‘From Above and Below’ was an event I recently curated at the Mosaic Rooms in London, which brought together a series of investigations into the shifting parameters of contemporary warfare. The intention of the event was not only to convey the position or physical viewpoint – from above – which the state apparatus utilises as part of modern day conflict, exemplified by the use of armed drones and aerial bombing. But in particular the focus of the event was on the position – from below – mobilising the domestic arena as a platform, and as a material and human register of a perceivable external threat. The presented works each explored a condition that occurs through the multi-scalar effects of war, where a violent interpenetration of private and public spheres takes place. With the proposition to better understand the effect of being positioned ‘From Above and Below’ and to analyse the transformations this doubled condition might create, as it impacts directly upon the sensitive and difficult nature of the territorial subject, especially the human subject within the home.
My motivation in producing this event came as my own doctoral research focuses on the domestic space – the home or the house – as the site where a complex range of values converge. Under threat, the home becomes the site where small-scale actions of preparedness and anticipation take place. These actions mediate the effects of risk and its management into a range of affective and experiential registers realised in the form of taping glass windows or re-enforcing outer walls.

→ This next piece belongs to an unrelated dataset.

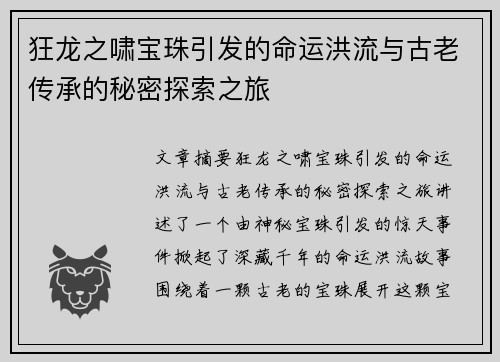 狂龙之啸宝珠引发的命运洪流与古老传承的秘密探索之旅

My intention is to better understand the way in which the domestic arena forms a relationship between risk observed as an abstract calculus (experienced through the real-estate market), and risk felt as a tangible, bodily threat (experienced within the home). This double articulation of risk (abstract and affective) breeds a tension, which I argue is articulated and registered in the materiality of the architecture of the home itself.
I examine the ways in which multiple perceptions of risk produce contradictory images of the future in Lebanon, by projecting imminent or non-existent possibilities of future threat. By exposing the contradictions operating across these differing modes of perceiving risk within this specific context, I made present the ways in which risks’ unequal distribution contributes to constructing or deconstructing the home as a site of security.

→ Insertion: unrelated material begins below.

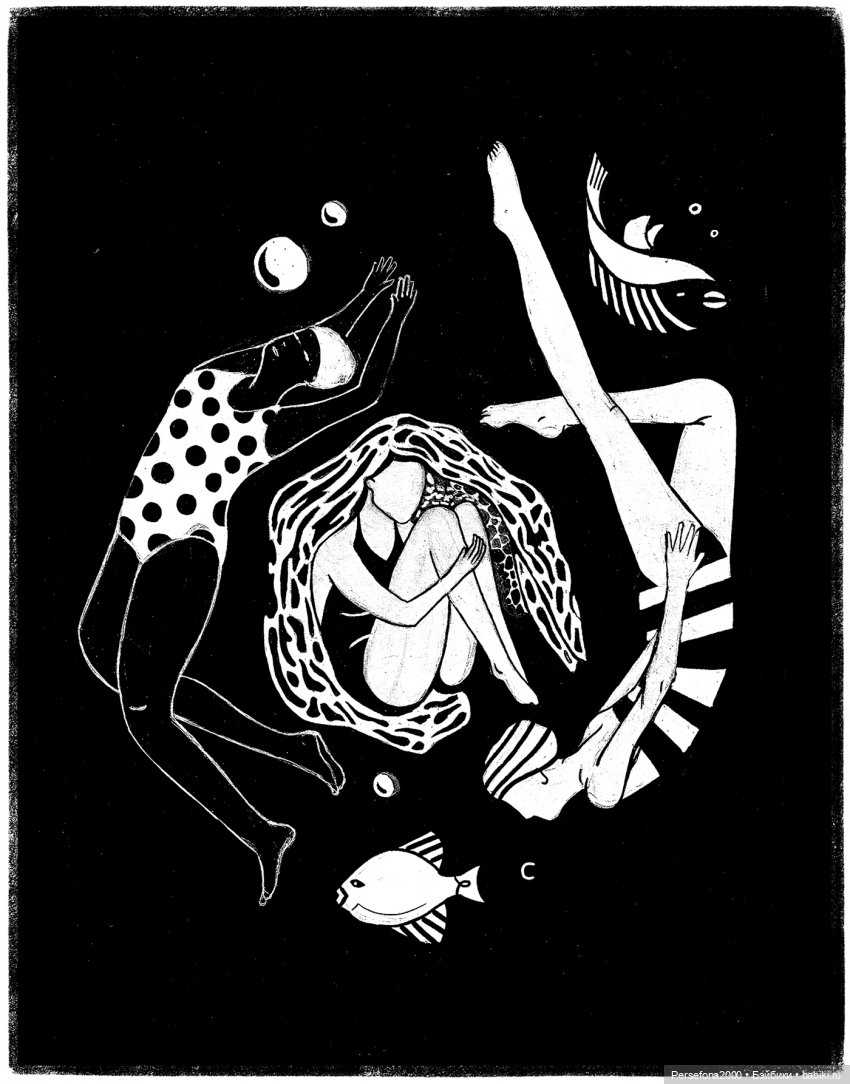 “СВЕРХЪЕСТЕСТВЕННЫЕ МАТЕРИАЛЫ”. Дело № 002. “Аз есмь вендетта, или Смерть с ароматом луны”. Глава 14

‘From Above and Below’ was realised as a way to reflect upon the key issues that are central to my research practice but that I also believe are of contemporary urgency. In bringing together the six participants in the event, who each explored the subject from different disciplinary viewpoints, I wanted to engage a public debate that would inevitably extend my own understanding and experience into the subject. With the intention to also serve as a way of reminding the audience and those who participated throughout the day, that the violence of conflicts that are both distant to us and that are constituted through a regime of distance, always produce their most complex counter-narratives and effects on the ground.
From the initial conversation with the gallery about these ideas, through the six hours of presentations and discussion that comprised the day, to the final moments of packing away the inconceivable amount of audio and visual equipment it took to make the series of technically complex presentations happen in one space, in one day, I was surprised throughout at the ways in which people engaged in each stage of the project. There is no doubt that the opportunity to realise this event, has fed the imaginable ways I believe it is possible to develop my own PhD research and practice.
Dream Ramlet and Star Ramlet are two large construction projects, one next to the other, situated near the ocean front Corniche, in Beirut. Both use architectural visualisation to wrap the apparently non-active construction sites. This image shows one of the visualisations onsite, with the un-finished building in the background. Helene Kazan, 2014.